After all applications have been reviewed, the most qualified applicants are invited to interview in mid-March.  After interviews are completed, final decision letters will be mailed no later than May 1st but these timelines can be adjusted based on circumstances (weather, emergencies, etc.). Please note that meeting the minimum requirements does not guarantee interview or admission to the M.A. in Counseling program.

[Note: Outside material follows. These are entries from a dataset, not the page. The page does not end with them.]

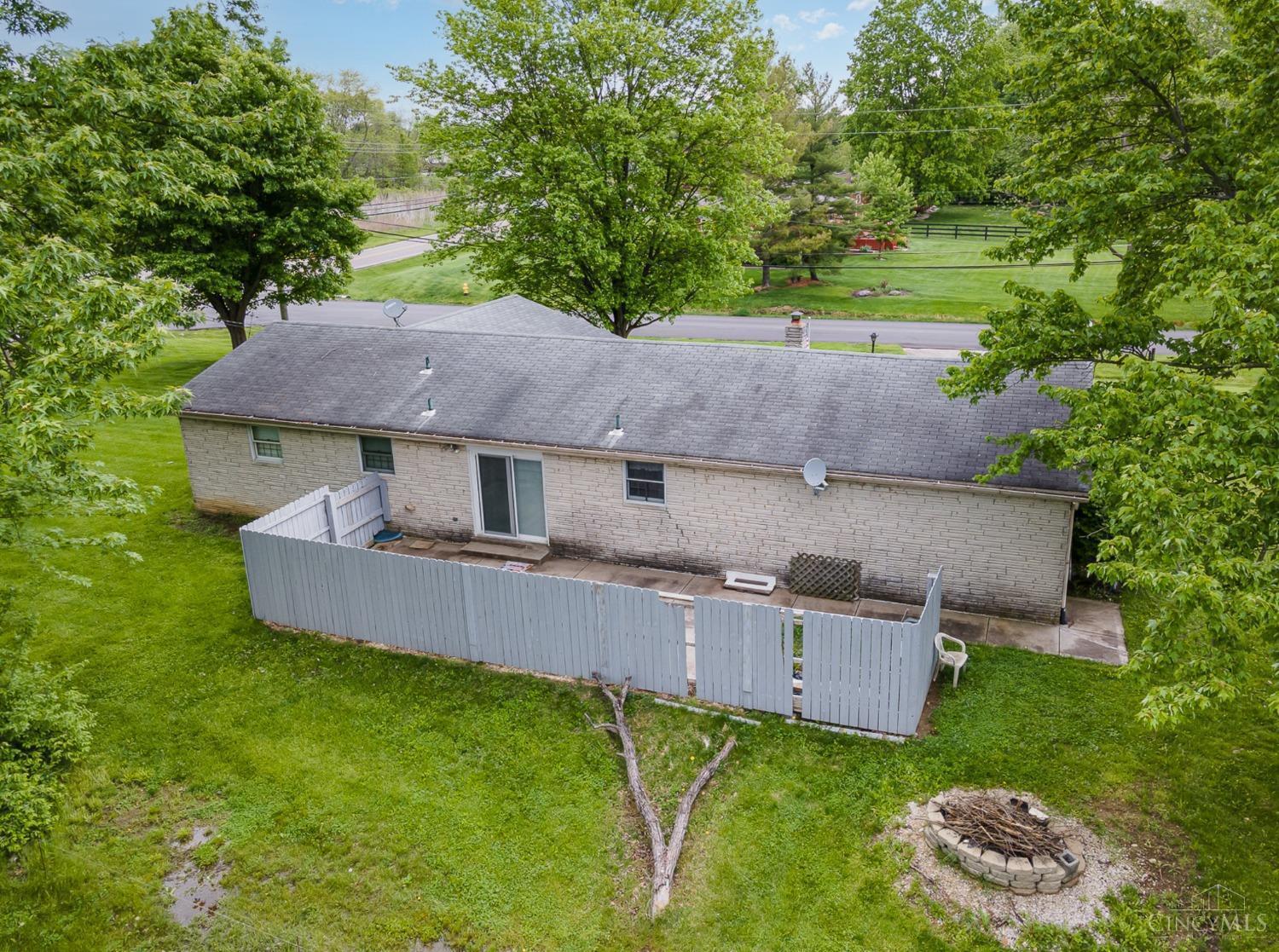 8421 Bluebird Drive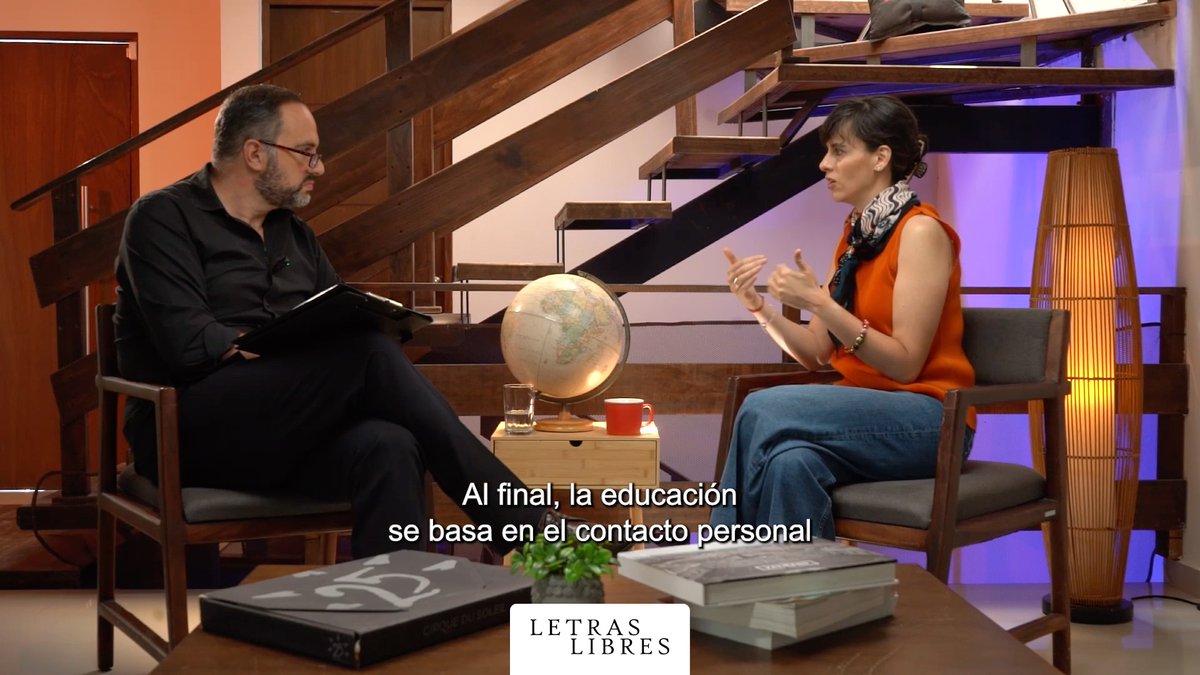 ¿Qué perdemos cuando nuestra atención se fragmenta? La filósofa Carissa Véliz (Carissa Véliz) conversa con León Krauze sobre el declive de la educación y recuerda algo básico: la lectura sigue siendo la tecnología más sofisticada que tenemos para expresar pensamiento complejo. 🔗 Mira #Ciberdiálogos aquí: 🎧 También disponible en podcast Presenta Banamex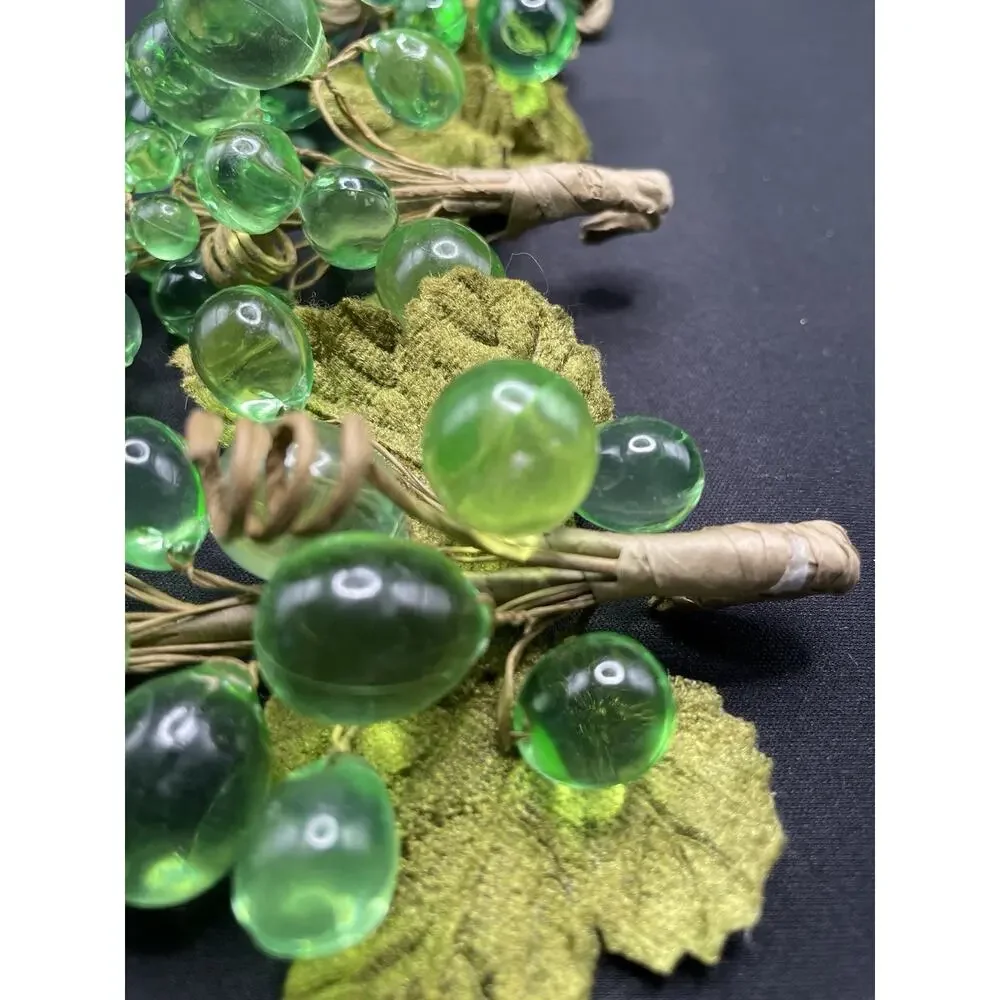 Vintage Lt Green Lucite Acrylic Grape Clusters. Set of 4. Must‎ See Photos!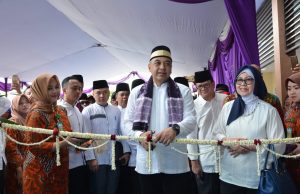 Zaki Resmikan Pasar Dan Puskesmas Mauk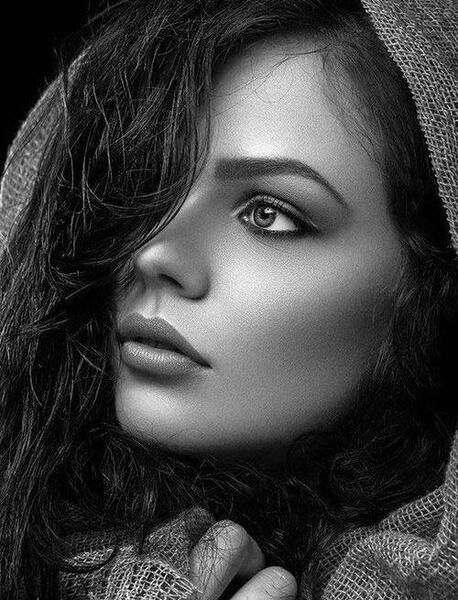 عکس نیم رخ دختر سیاه و سفید
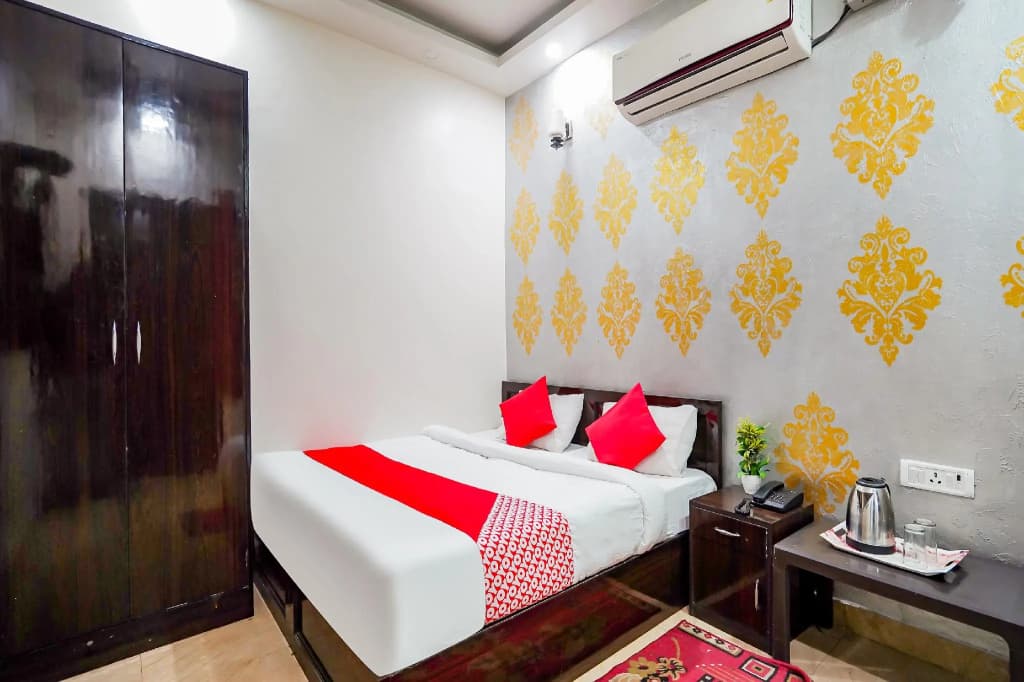 OYO 67251 Bhogal Inn - main photo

The MA in Counseling program is currently seeking accreditation from the Council for Accreditation of Counseling and Related Educational Programs (CACREP), the nationally recognized body for establishing standards for counselor education programs. The accreditation process takes approximately one year, beginning with the submission of a self-evaluation to the CACREP office and including a site visit, institutional response and approval by the CACREP Board of Directors in January or July 2021. The self-evaluation for Accreditation began in the month the program begins enrolling students. if the program is accredited within three years of its beginning, it will essentially be retroactively accredited to include the first class of students. 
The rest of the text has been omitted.